#### INFORMATION GIVEN

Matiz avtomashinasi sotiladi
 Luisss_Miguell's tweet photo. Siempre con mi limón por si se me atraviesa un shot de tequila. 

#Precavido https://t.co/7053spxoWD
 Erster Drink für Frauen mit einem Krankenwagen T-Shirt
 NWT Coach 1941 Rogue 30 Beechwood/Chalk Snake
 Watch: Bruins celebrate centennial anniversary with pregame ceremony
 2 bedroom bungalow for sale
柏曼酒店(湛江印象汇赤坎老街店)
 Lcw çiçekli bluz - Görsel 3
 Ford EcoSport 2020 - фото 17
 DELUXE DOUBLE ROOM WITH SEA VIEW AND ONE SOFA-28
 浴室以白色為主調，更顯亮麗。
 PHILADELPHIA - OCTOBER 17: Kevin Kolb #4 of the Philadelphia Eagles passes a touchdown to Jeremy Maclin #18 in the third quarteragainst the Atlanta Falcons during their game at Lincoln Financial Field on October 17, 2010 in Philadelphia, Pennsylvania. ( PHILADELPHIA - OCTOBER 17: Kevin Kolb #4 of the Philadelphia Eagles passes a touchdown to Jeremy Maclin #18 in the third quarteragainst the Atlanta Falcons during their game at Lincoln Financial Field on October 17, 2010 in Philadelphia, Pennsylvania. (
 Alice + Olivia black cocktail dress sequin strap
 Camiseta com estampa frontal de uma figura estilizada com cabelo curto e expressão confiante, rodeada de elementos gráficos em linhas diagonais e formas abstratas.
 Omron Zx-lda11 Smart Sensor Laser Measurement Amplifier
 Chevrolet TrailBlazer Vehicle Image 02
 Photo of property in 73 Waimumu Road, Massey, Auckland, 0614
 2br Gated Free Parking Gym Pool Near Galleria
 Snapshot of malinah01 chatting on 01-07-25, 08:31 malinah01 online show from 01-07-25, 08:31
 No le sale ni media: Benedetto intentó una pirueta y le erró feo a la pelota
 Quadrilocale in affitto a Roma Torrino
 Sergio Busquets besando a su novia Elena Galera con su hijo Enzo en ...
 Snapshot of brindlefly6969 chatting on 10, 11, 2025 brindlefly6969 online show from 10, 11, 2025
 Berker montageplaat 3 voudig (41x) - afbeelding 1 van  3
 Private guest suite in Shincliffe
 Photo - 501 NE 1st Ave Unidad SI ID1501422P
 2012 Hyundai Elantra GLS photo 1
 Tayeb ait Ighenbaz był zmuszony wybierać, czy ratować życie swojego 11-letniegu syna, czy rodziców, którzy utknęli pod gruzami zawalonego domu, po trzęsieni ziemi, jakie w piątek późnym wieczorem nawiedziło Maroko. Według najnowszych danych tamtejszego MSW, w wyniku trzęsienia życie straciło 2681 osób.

########

Everything from the line with "Photo - 501 NE 1st Ave Unidad SI ID1501422P" through the end of the listing, both ends included, needs to be transcribed exactly, with no other lines.

 Photo - 501 NE 1st Ave Unidad SI ID1501422P
 2012 Hyundai Elantra GLS photo 1
 Tayeb ait Ighenbaz był zmuszony wybierać, czy ratować życie swojego 11-letniegu syna, czy rodziców, którzy utknęli pod gruzami zawalonego domu, po trzęsieni ziemi, jakie w piątek późnym wieczorem nawiedziło Maroko. Według najnowszych danych tamtejszego MSW, w wyniku trzęsienia życie straciło 2681 osób.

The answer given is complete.